**Exercise directions**
Should a line in the entries below contain "Toyota", return that line.

··· Data section

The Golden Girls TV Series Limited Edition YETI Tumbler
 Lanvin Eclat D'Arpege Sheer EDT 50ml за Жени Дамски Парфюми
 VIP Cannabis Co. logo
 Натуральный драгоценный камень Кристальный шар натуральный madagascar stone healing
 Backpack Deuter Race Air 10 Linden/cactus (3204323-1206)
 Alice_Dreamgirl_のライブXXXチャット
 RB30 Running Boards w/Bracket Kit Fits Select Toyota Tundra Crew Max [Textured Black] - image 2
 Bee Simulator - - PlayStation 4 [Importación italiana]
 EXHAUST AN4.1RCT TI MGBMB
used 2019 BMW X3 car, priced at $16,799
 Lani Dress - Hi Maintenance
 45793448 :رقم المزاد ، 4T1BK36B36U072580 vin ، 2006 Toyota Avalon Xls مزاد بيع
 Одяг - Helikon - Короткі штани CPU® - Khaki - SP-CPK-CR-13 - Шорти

······

**Final answer**
 RB30 Running Boards w/Bracket Kit Fits Select Toyota Tundra Crew Max [Textured Black] - image 2
 45793448 :رقم المزاد ، 4T1BK36B36U072580 vin ، 2006 Toyota Avalon Xls مزاد بيع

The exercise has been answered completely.